WHAT THE TASK REQUIRES =
Every line of the records below from the line with "Similar image 535124" up to and including the line with "WallClassics - PVC" must be reproduced exactly, and no line outside that range.

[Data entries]

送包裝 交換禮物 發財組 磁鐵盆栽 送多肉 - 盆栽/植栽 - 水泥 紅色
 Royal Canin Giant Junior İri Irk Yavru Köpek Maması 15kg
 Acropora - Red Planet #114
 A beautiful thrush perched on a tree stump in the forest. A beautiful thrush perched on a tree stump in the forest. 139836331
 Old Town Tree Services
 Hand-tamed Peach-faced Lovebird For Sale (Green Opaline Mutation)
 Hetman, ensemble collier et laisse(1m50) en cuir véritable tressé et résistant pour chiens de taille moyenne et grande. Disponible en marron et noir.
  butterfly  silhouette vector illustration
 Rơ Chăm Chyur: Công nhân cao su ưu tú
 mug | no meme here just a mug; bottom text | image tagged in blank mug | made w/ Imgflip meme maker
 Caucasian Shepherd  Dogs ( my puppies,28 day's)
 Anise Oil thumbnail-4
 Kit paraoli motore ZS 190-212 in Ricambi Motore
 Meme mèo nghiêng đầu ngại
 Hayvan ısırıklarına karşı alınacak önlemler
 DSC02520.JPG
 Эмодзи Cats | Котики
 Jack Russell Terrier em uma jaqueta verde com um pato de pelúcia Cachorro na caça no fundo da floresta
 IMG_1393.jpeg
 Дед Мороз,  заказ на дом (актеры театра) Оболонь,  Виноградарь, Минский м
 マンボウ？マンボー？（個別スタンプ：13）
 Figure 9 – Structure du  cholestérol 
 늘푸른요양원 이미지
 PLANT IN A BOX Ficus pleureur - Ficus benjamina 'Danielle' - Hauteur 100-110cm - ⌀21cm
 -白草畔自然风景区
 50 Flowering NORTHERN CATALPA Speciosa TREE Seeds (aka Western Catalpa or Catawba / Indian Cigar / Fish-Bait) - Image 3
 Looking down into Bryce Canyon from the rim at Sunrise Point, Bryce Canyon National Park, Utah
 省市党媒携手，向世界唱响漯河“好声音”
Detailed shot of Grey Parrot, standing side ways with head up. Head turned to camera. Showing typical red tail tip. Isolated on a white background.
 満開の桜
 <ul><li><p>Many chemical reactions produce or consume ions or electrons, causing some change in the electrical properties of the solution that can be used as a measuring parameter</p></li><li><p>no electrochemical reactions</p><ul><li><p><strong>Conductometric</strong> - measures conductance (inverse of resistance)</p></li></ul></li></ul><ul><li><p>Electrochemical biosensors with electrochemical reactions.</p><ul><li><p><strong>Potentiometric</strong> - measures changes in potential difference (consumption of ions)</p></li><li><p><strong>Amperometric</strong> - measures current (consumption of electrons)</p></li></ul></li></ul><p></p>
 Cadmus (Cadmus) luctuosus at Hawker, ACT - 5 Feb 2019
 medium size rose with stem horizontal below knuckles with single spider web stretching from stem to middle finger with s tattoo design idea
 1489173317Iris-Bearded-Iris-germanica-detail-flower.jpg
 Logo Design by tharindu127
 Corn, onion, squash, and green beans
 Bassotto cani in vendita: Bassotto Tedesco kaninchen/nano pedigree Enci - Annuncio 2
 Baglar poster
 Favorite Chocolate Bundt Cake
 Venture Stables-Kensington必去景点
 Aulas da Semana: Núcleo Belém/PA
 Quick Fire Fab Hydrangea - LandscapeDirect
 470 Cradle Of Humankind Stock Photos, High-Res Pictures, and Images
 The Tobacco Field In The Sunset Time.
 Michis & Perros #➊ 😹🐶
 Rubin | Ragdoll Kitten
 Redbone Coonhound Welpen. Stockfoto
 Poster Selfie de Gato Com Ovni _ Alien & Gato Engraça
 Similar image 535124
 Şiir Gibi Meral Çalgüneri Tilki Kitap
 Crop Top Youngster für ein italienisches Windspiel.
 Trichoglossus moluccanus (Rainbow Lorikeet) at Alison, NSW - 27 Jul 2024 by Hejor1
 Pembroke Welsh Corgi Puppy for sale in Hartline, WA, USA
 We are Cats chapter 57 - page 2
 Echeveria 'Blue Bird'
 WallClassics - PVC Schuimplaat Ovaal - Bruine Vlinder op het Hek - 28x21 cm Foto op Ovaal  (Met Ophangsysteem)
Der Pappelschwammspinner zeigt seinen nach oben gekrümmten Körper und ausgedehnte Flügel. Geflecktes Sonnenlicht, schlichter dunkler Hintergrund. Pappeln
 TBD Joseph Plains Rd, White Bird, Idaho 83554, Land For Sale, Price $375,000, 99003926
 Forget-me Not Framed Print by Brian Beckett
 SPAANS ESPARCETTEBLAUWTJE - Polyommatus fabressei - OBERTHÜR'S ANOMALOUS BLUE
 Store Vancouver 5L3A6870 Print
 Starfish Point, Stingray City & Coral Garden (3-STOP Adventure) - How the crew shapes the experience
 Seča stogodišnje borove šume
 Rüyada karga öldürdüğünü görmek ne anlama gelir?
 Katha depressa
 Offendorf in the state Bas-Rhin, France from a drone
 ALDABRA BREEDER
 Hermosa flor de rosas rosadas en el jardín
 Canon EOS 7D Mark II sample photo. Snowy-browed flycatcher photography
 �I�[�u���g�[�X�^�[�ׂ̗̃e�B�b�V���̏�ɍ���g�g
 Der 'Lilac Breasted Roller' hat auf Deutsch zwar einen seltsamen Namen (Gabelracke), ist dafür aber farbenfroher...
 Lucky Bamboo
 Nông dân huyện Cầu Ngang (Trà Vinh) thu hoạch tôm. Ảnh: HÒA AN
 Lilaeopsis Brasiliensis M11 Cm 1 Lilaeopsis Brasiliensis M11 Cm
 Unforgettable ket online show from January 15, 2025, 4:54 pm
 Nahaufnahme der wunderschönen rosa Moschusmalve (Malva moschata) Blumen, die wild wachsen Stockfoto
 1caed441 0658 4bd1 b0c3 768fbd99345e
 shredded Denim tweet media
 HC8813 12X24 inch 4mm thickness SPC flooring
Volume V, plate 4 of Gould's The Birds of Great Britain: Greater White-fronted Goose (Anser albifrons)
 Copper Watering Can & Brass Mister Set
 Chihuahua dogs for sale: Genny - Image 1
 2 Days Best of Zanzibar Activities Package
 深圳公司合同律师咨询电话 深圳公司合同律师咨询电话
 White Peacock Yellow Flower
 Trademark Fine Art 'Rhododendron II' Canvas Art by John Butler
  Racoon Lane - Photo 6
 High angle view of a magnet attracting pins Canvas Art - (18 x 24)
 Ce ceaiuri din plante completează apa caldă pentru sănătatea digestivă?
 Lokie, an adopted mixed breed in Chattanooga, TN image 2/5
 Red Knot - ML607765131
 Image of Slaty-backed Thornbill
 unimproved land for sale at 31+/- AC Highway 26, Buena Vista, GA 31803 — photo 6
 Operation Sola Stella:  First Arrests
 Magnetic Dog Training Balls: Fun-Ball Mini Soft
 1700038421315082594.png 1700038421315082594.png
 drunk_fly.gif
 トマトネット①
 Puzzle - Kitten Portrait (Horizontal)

REPLY TO THE EXERCISE =
 Similar image 535124
 Şiir Gibi Meral Çalgüneri Tilki Kitap
 Crop Top Youngster für ein italienisches Windspiel.
 Trichoglossus moluccanus (Rainbow Lorikeet) at Alison, NSW - 27 Jul 2024 by Hejor1
 Pembroke Welsh Corgi Puppy for sale in Hartline, WA, USA
 We are Cats chapter 57 - page 2
 Echeveria 'Blue Bird'
 WallClassics - PVC Schuimplaat Ovaal - Bruine Vlinder op het Hek - 28x21 cm Foto op Ovaal  (Met Ophangsysteem)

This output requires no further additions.